What is compassion? Compassion is a deep feeling you have for the suffering or discomfort of others. Can a feeling be taught?
I recall my father saying, “Smile until you mean it”. Sometimes it actually worked. In fact sometimes we would end up laughing because we were trying so hard not to smile. So, how do you teach a toddler about compassion?
It starts by treating your child with compassion. It’s important to use compassion and yet not take away individual responsibility. Let’s look a little closer at the difference.
“Brian, I am so sorry you hurt your knee. Let me help you clean it up and get a Band-Aid.” Using this phrasing showed compassion, however it doesn’t point out the responsibility.
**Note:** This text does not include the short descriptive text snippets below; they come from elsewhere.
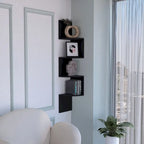 Corner Shelf, Modern Full-Wall Design with Multiple Shelving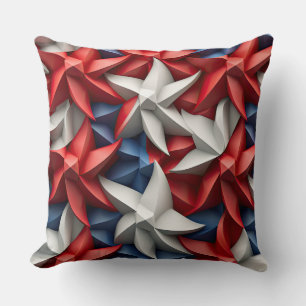 PATRIOTIC RED WHITE BLUE AMERICAN STARS THROW PILLOW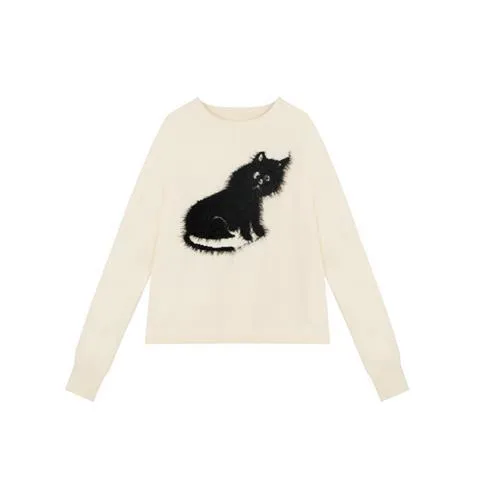 Disheveled- the Sweet Messy Kitty Design Sweater Black or White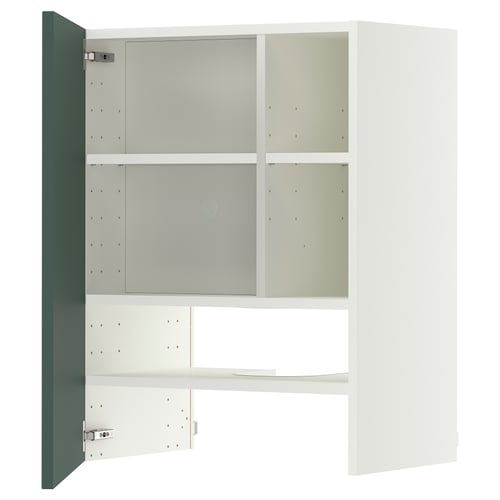 METOD Wall cb f extr hood w shlf/door, white/Aspudden dark grey-green, 60x80 cm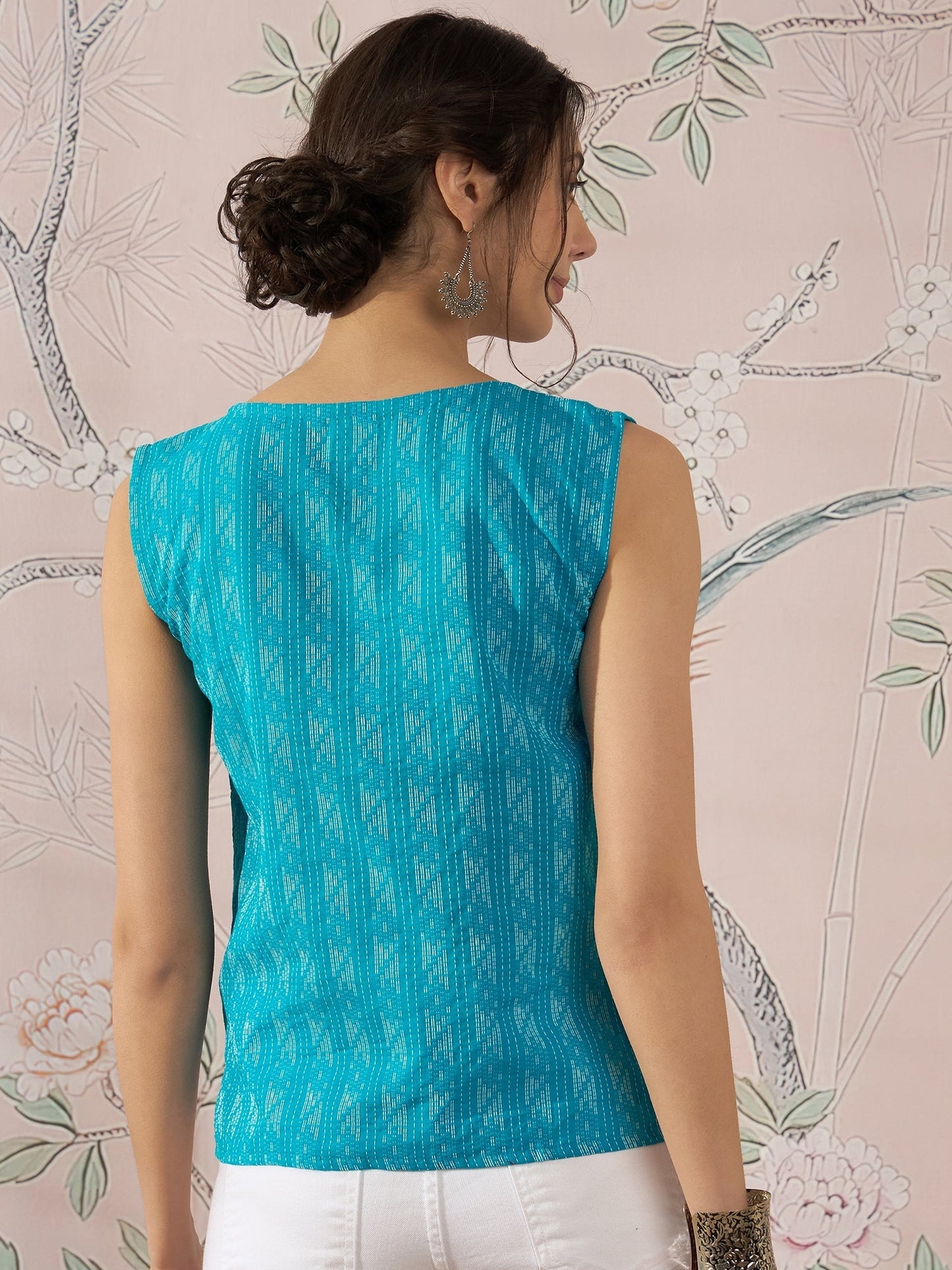 InWeave Cyan Blue Ikkat Kantha W/S Top - Swadesiicart
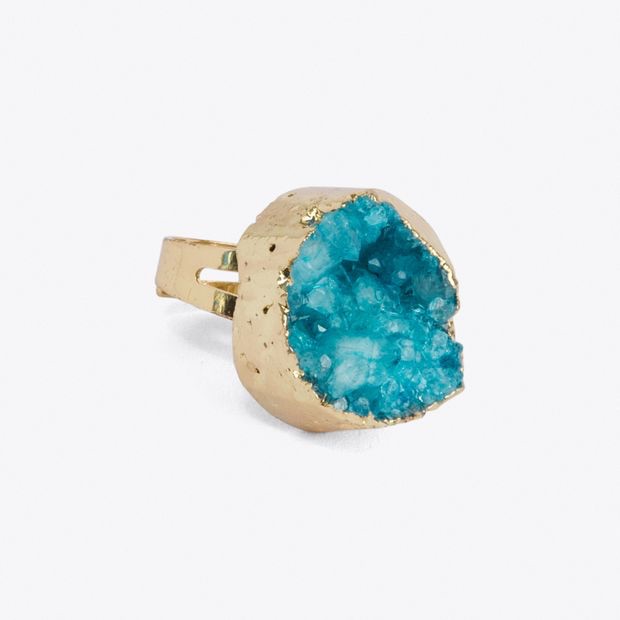Gold Plated Blue Healing Crystal Pendant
“Brian, I am so sorry you hurt your knee. Let me help you clean it up and get a Band-Aid. Maybe we can remember not to run down that big hill. You get hurt.” This verbiage suggests compassion and yet reminds the child of their responsibility in the problem.
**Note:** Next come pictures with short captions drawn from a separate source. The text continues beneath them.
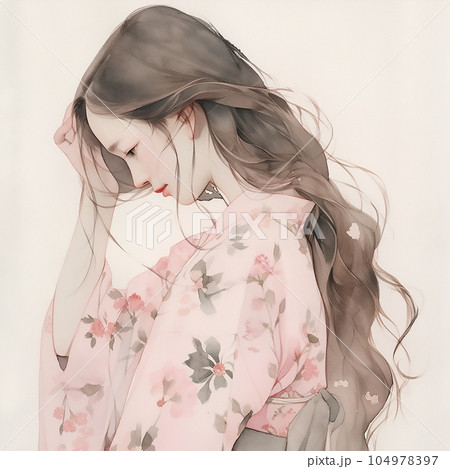 浴衣を着た女性の横顔「AI生成画像」のイラスト素材 [104978397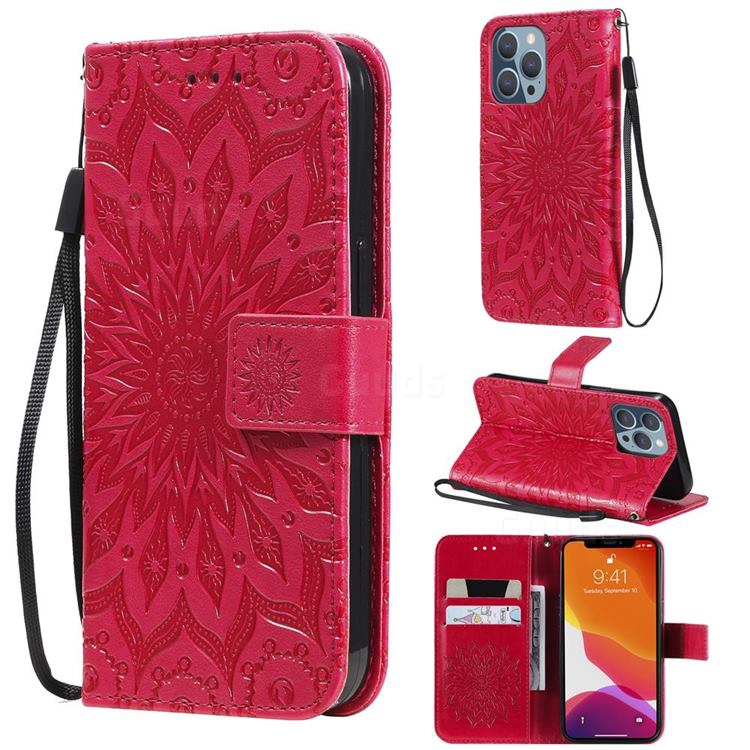 Embossing Sunflower Leather Wallet Case for iPhone 13 Pro (6.1 inch) - Red
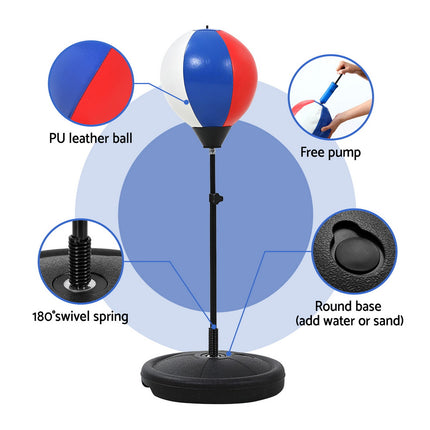 Everfit Kids Punching Bag Stand Set Adjustable 76-112cm with Gloves & Pump 6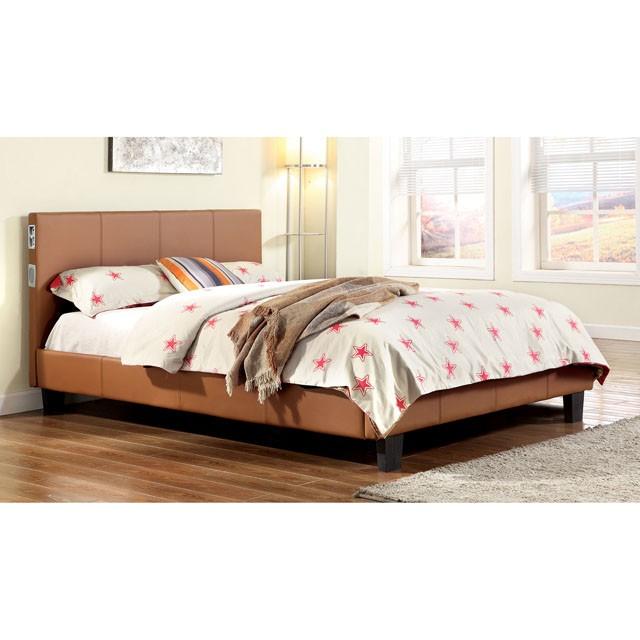 Evans E.King & Cal.King Bed Espressso, White, & Camel - Furniture 4 Less Outlet (Salinas,CA)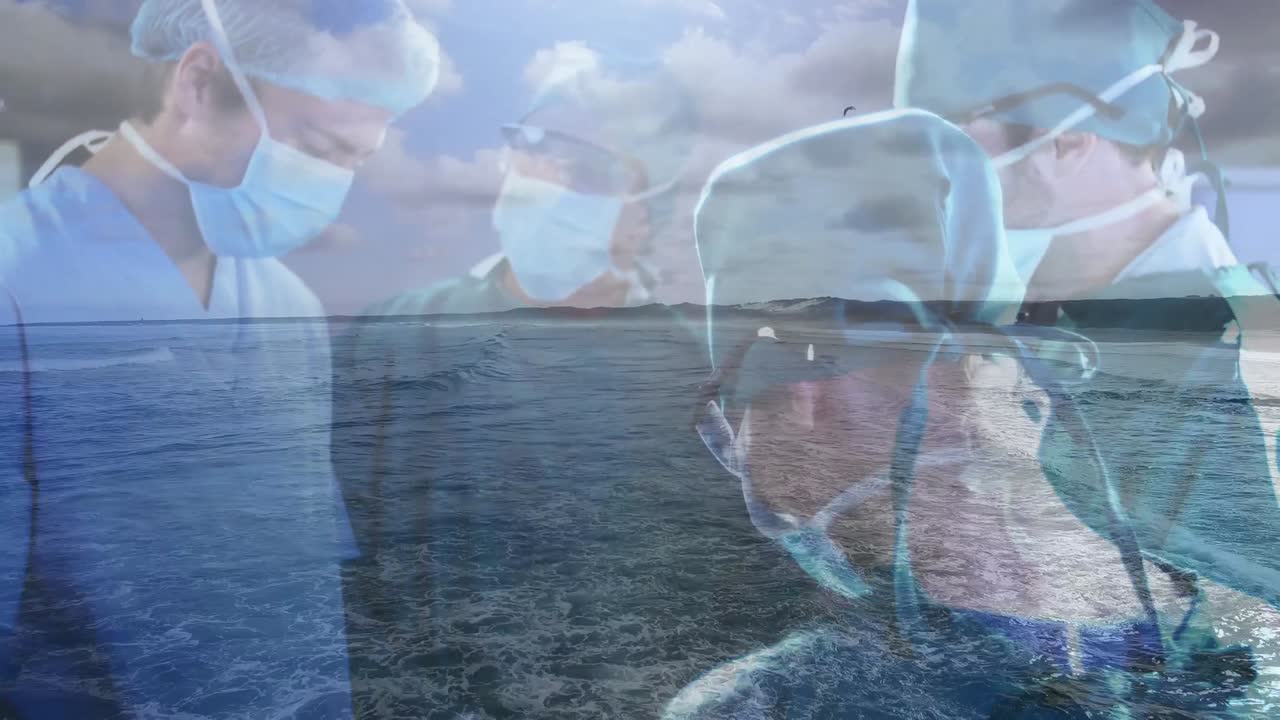 수술 중 수술팀의 바다 위 애니메이션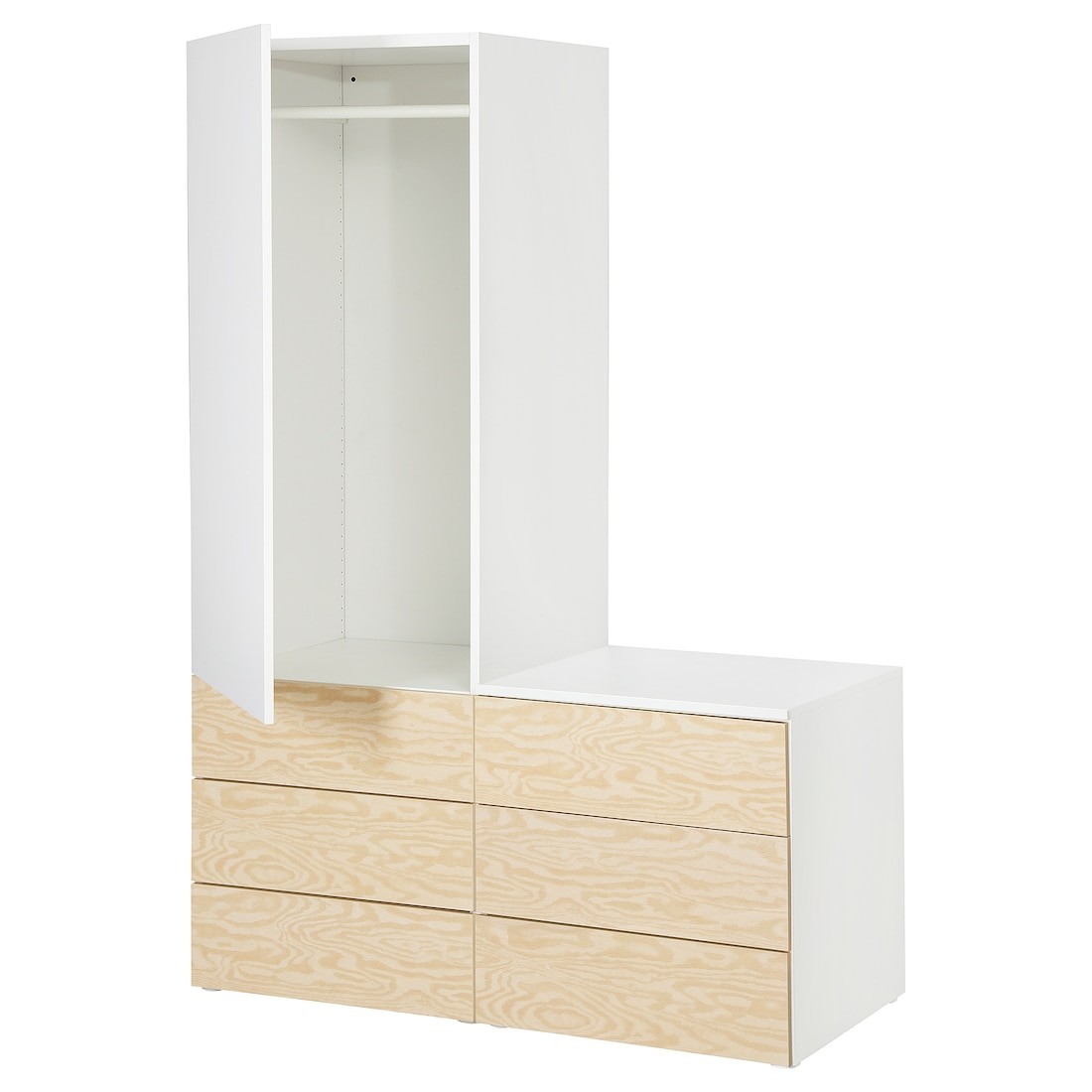 IKEA PLATSA ПЛАТСА Гардероб з 1 дверима і 6 ящиками, білий Kalbåden / ефект натуральної сосни FONNES білий, 120x57x181 см 89501428 | 895.014.28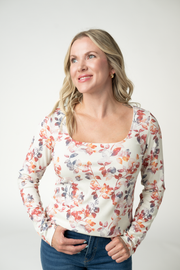 WAREHOUSE ONLY Alyssa Long Sleeve Top - Autumn Watercolor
There many situations during the day of a toddler that you can point out and help him/her complete acts of compassion. Think of it as being kind and it may make it simpler to find those teaching moments.
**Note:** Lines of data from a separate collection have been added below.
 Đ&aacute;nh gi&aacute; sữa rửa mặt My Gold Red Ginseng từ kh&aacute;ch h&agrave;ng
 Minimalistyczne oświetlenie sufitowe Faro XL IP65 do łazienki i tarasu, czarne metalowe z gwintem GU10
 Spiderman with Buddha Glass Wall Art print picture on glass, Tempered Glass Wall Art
Sharing is a good way to teach compassion. Point out the feelings of the child that doesn’t have the toys or food. Talk about the way that child probably feels. Give your child the chance to share. Let your child know how proud you are of his/her actions. It makes everyone happier when you share.
While traveling with a mother of an 18-month-old recently the traffic was horrendous. She pointed out to her child every time she was kind in traffic and let some one pull in or she moved over to let some one go by. She followed it up with commenting that now the people in both cars were happy. Teach by example and make the examples clear.
Simple words like please and thank you are the beginning of compassion. Use these words with your child and praise her/him every time they do it without you reminding them.
I am one of those random acts of kindness freaks. I do something every day. I had my niece out and we went to a vending machine to get a treat. Then we “hid” at a nearby table. We have left the change in for the next person and we wanted to see them be happy. They didn’t know it was us, but Tristen learned a little bit about happiness and sharing.
Bottom line, if you want compassionate children, be compassionate adults.